TASK DESCRIPTION: Give again, exactly and without pictures, the lines running from the line with "Detské doplnky - Detský" to the end of the records below.

※ ※ ※

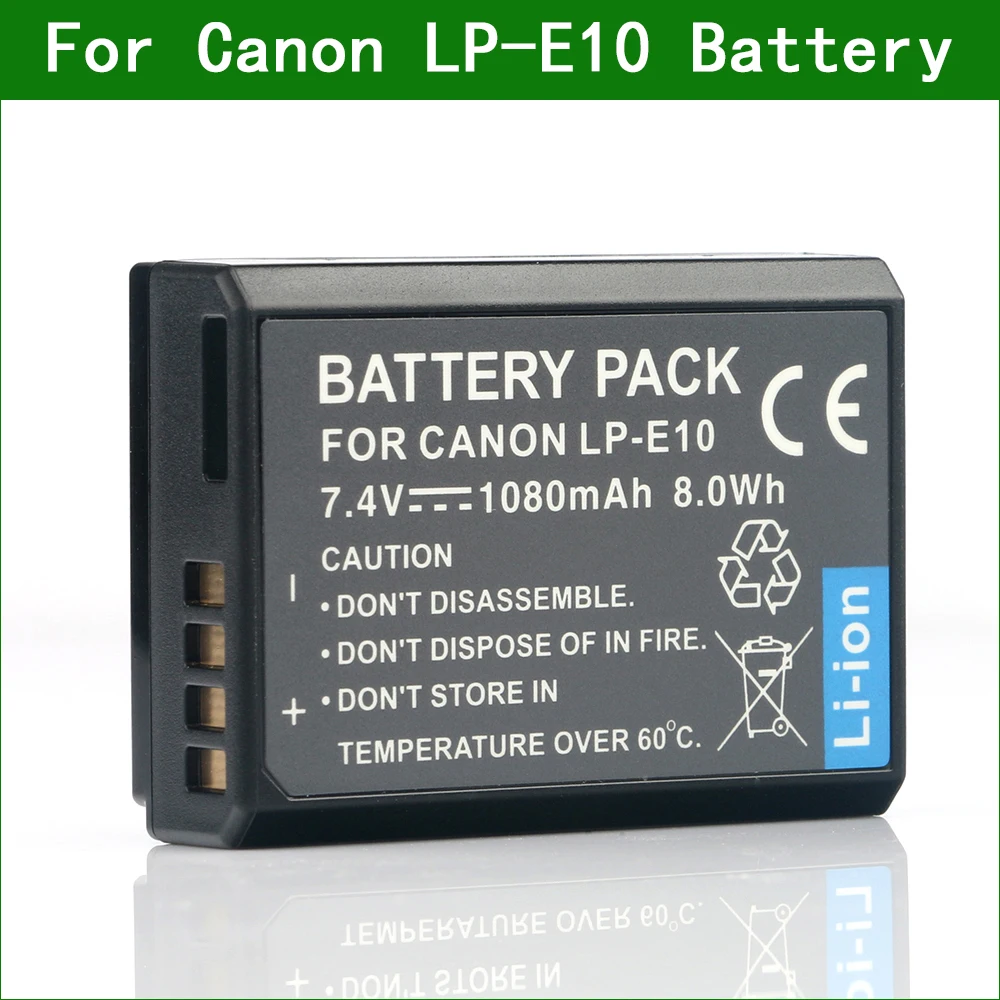 Lanfulang LP-E10 LP E10 LPE10 Digital Camera Battery For Canon EOS 1500D 2000D 3000D 4000D Kiss X80 X90 Rebel T7 T100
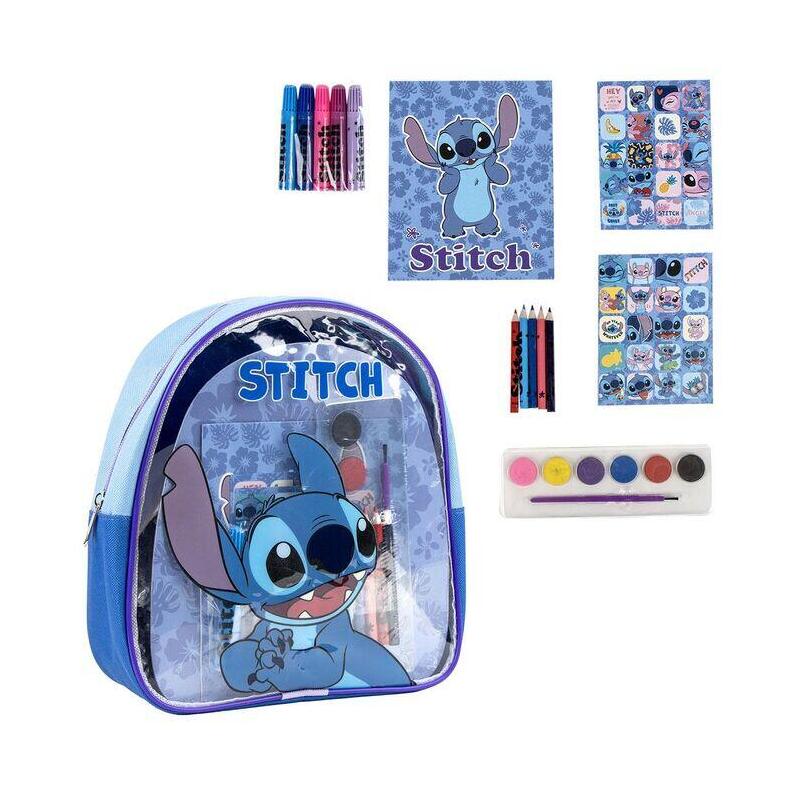 Set Papeleria Backpack Stitch Disney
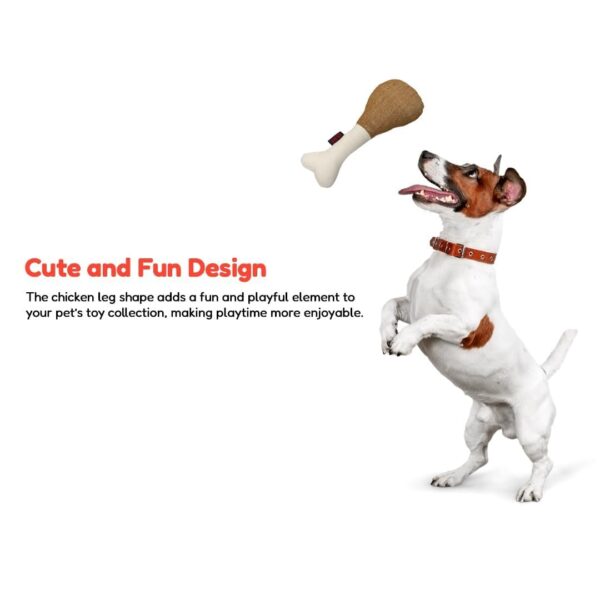 51J6HTttiAL._SL1080_.jpg Pure Cotton Chicken Leg Plush Dog Toy | Soft & Washable Play Toy for Dogs & Puppies | Non-Toxic, Eco-Friendly, Cuddle & Fetch Games | Fun Plush Toy for Small, Medium & Large Dogs
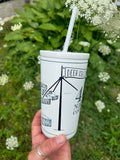 Created Co. Insulated Cold Cup with Straw - NEW COLORS & DESIGN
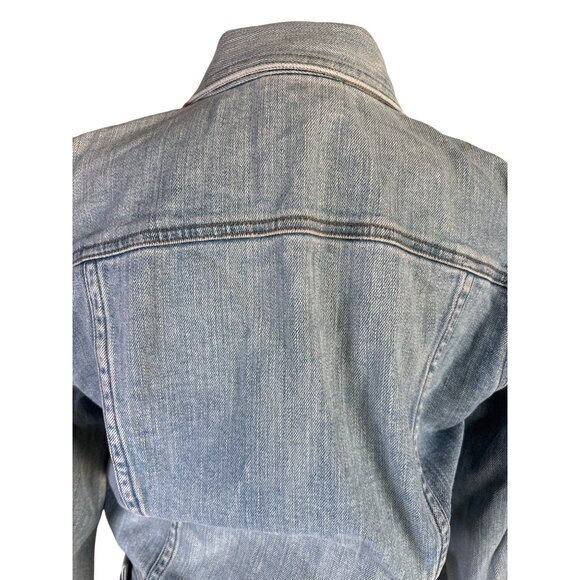 Lauren Jeans Co Size Small Ralph Lauren Womens Denim Jean Jacket Blue Mid Wash - Picture 8 of 10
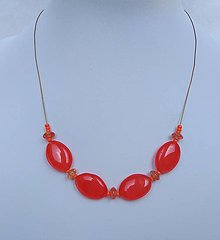 Detské doplnky - Detský náhrdelník oranžový - 13691720_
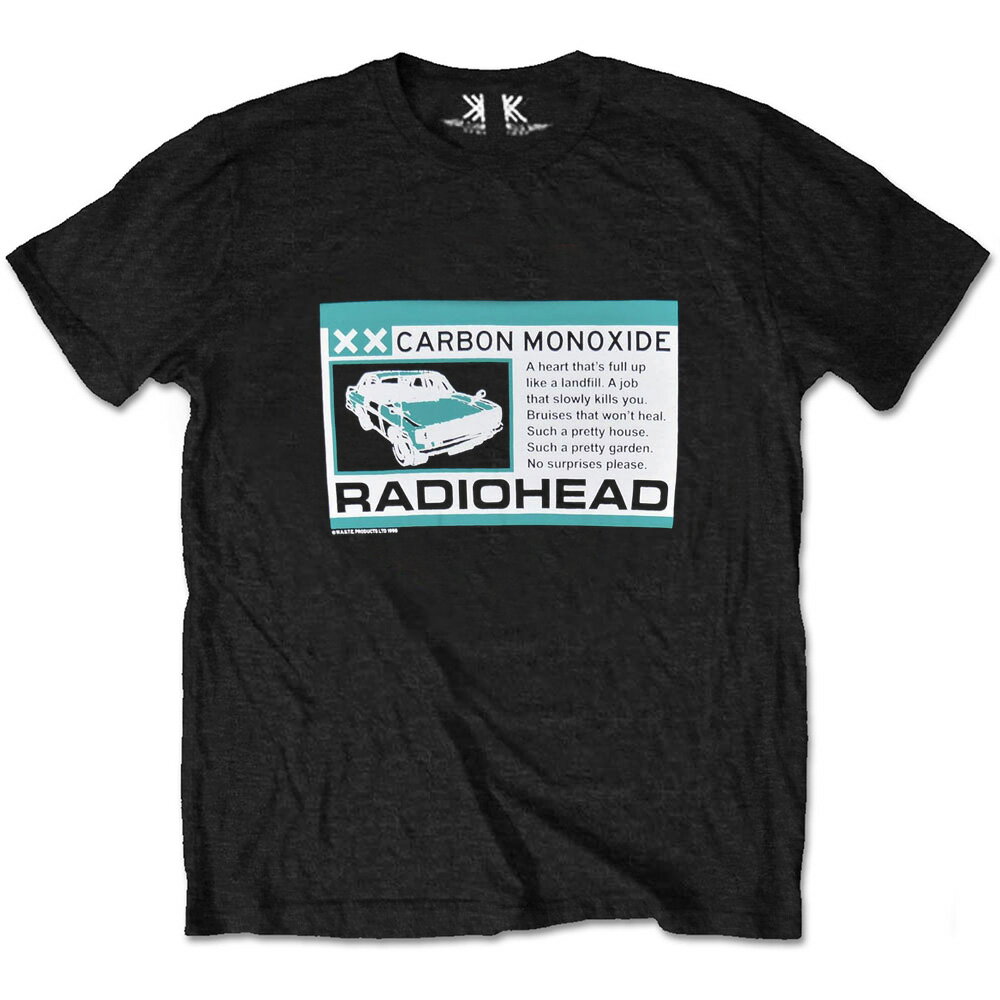 RADIOHEAD レディオヘッド - Carbon Patch / オーガニックコットン / Tシャツ / メンズ 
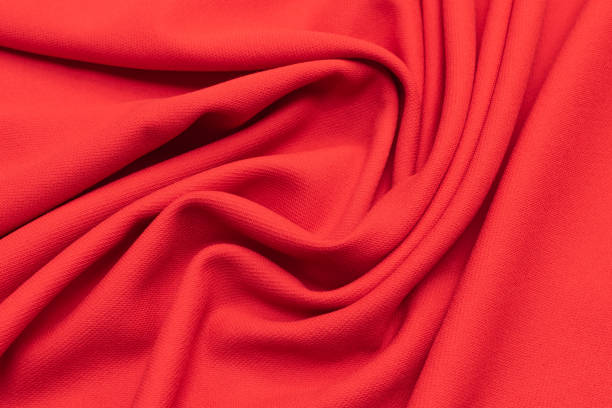 istock Wool textured fabric of bright red color 1151388257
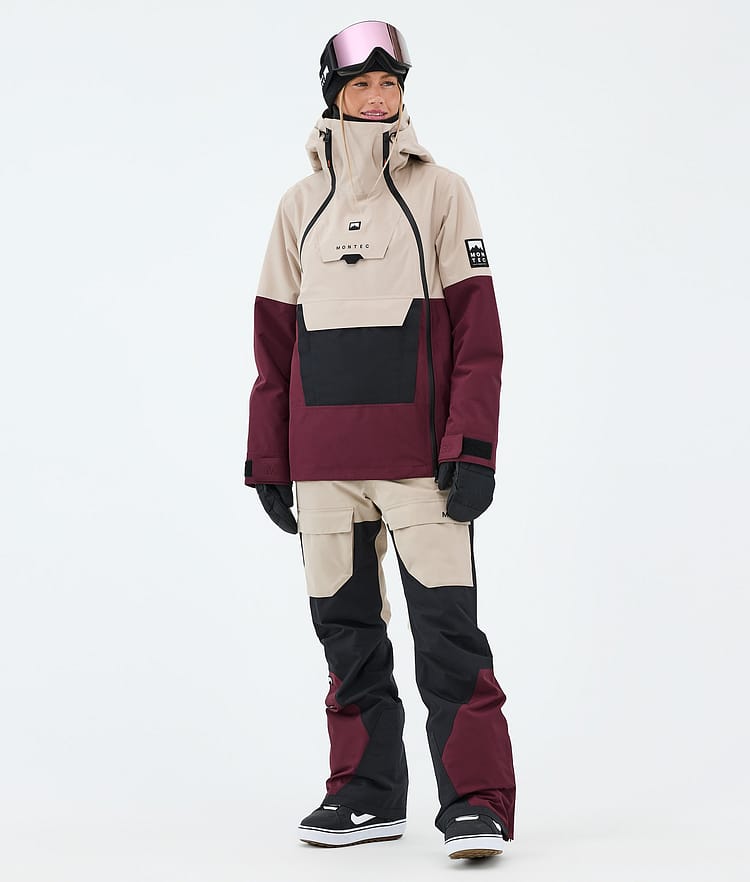 Doom W Snowboard Jacket Women Sand/Black/Burgundy, Image 2 of 10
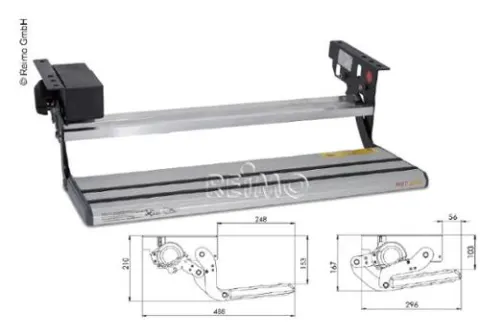 Peldaño eléctrico 12 voltios 50 cm de ancho para autocaravanas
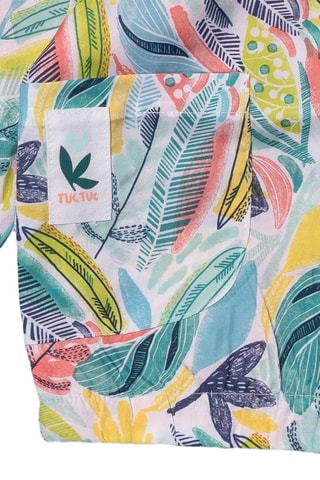 Jasje met capuchon Treasure Island - Blauw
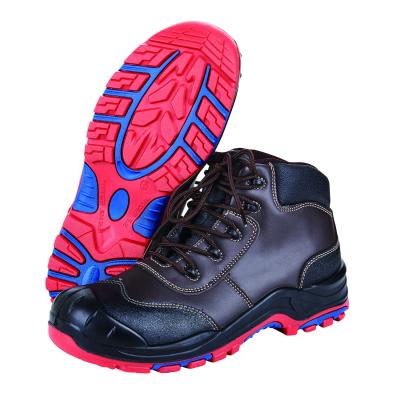 China Leather Work Shoes Footwear Safety Boots for Winter Season Midsole Material PU for sale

※ ※ ※

EXERCISE SOLUTION:
 Detské doplnky - Detský náhrdelník oranžový - 13691720_
 RADIOHEAD レディオヘッド - Carbon Patch / オーガニックコットン / Tシャツ / メンズ 
 istock Wool textured fabric of bright red color 1151388257
 Doom W Snowboard Jacket Women Sand/Black/Burgundy, Image 2 of 10
 Peldaño eléctrico 12 voltios 50 cm de ancho para autocaravanas
 Jasje met capuchon Treasure Island - Blauw
 China Leather Work Shoes Footwear Safety Boots for Winter Season Midsole Material PU for sale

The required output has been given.